By Sean Bowes

The New Tampa Family YMCA in Tampa Palms is planning to heighten security around its building with higher fences and possibly video surveillance equipment after someone drained almost all of the water out of its Olympic-sized pool in an act of vandalism.

Sometime after the YMCA’s holiday party on December 11, which ended at 9 p.m., an unknown suspect scaled a six-foot fence that surrounds the pool and tampered with the valves and levers, letting more than 400,000 gallons of water drain out of it.

YMCA aquatic director Andrew Palumbo says he received a call around 5:15 a.m. the next morning after a worker noticed that nearly all of the water had gushed out into a nearby retention pond.
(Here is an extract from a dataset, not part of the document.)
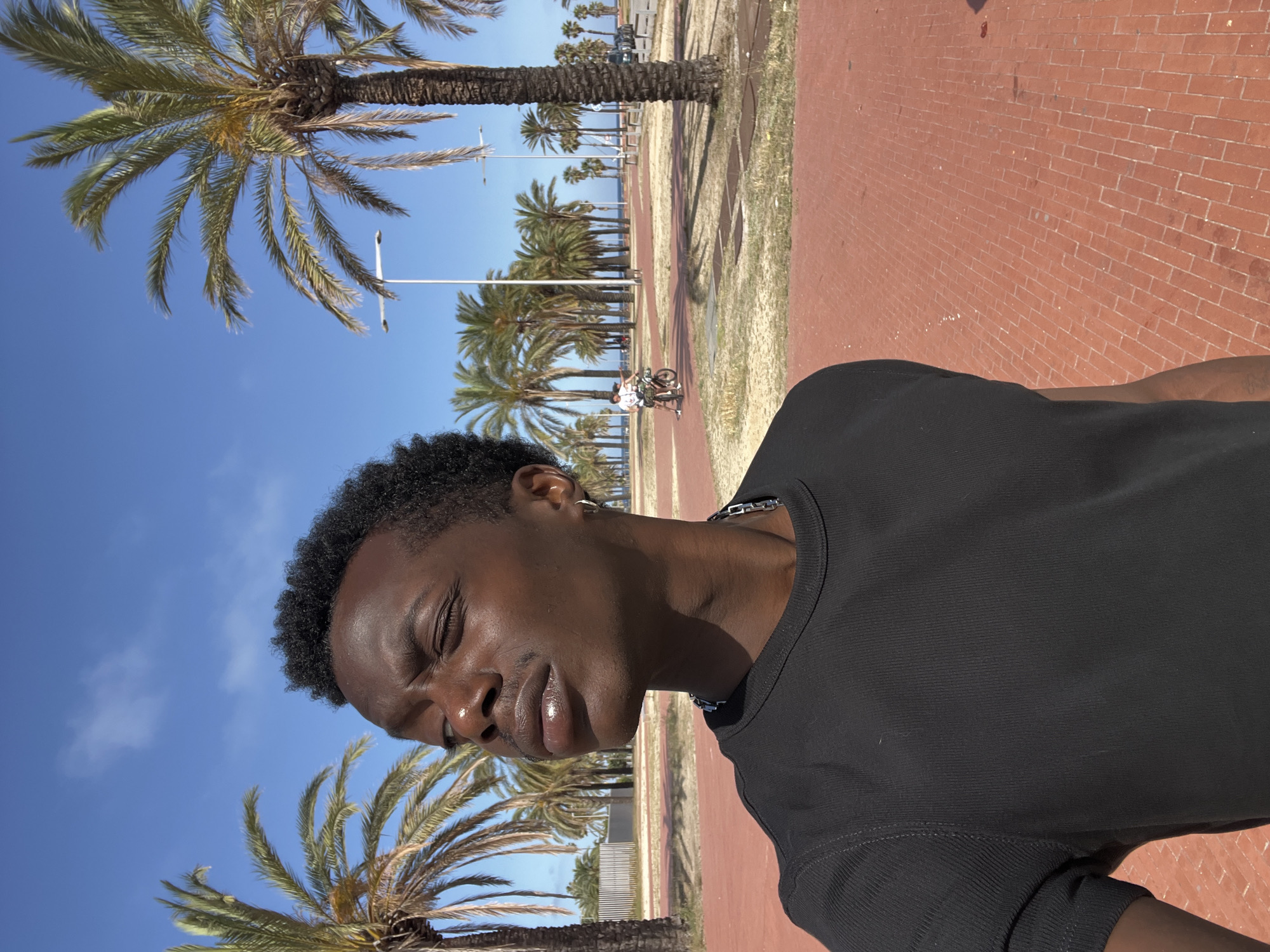 A young man with dark skin and curly hair is captured in a close-up shot, with his eyes closed and head tilted slightly upwards, suggesting a moment of relaxation or contemplation. He is wearing a black, ribbed t-shirt and a silver chain necklace. The background is a sun-drenched scene with palm trees lining a red brick pathway. In the distance, a person is seen riding a bicycle on the path. The sky is a clear, vibrant blue, indicating good weather, likely during the daytime given the strong sunlight casting shadows. The presence of palm trees and the distinct red brick paving strongly suggest a coastal promenade or park. The overall atmosphere is one of leisure and enjoyment, perhaps a vacation or a day out in a warm climate.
YMCA officials believe that the suspect had some knowledge of working on swimming pool systems.

“I was in disbelief,” says Palumbo. “There was only two to three feet of water left in the pool when I arrived.”

The 50-by-25-meter pool is the largest in Tampa and is 7-foot-6-inches deep at its deepest point. Olympic-sized pools, like this one, hold more than half a million gallons of water.

Many swimmers regard it as the finest pool for competitive swimming in the area, while many other groups also utilize the pool for casual swimming, exercising and socializing. All were affected by the pool’s draining.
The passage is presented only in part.